Like most of Furst's protagonists he is a man of the world, not prone to panic, and comfortable surfacing in a strange country and making his way home. Unlike some, in this novel he draws upon deep resources, unlimited budgets of dollars, fortunate family connections in Paris, his network of friendly cops around the Balkans. Thriller fans may wonder where the suspense lies, but Furst isn't into chase scenes, what he does is set up atmosphere and let his characters embrace it. Costas, of course, is short for Constantine, who transformed Byzantium into Constantinople, and who was, in that sense, a prototype man of the world getting business done in dangerous times. There is also a sense of real dichotomy in this this. Furst shows wealthy people in both Germany and Greece; the former are helping friends to escape the Nazis, the latter are plotting their own getaway, should the Germans invade. As ever, money talks...

As does love. After discovering one lover was in fact a British spy (unbeknownst to him, which is his one fallibility) he then falls in love with a woman named Demetria, after the goddess of spring. As with Costa's own name, this one is rife with connotation. Spring of course is a time of rebirth, but in Furst's novels, it is also the time nations launch invasions.
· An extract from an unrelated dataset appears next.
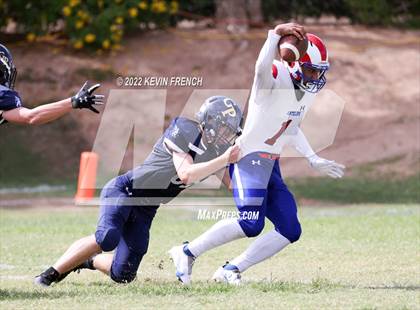 Thumbnail 1 in Antelope @ Glendale Prep Academy photogallery.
The story comes full circle, back to that Turkish tramp steamer, and if the ending seems a bit rushed, and perhaps a bit of what the ending of Casablanca might have been had Ilsa showed up at the railway station in Paris, it also raises the distinct possibility that Zannis could return, in Spies of the Levant perhaps, a novel that could make great things from the character of Smyrna/Izmir, and perhaps pay hommage to Ambler as well.

As I said when reviewing The Foreign Correspondent, Furst provides rather less action in every book. Yet in his moving of Zannis round the chess board of 1941 Europe, what he has done is raise all sorts of questions about the way we react not only to war, but to life. Furst's novels are like small but great films that were never made in the Forties, and like those films, they remind of the different values, the different personal values of the time. And the values that do not change over time. They are compelling, not because of their thriller suspense, but because of their human suspense, and that's why he is one of my absolute favourite writers.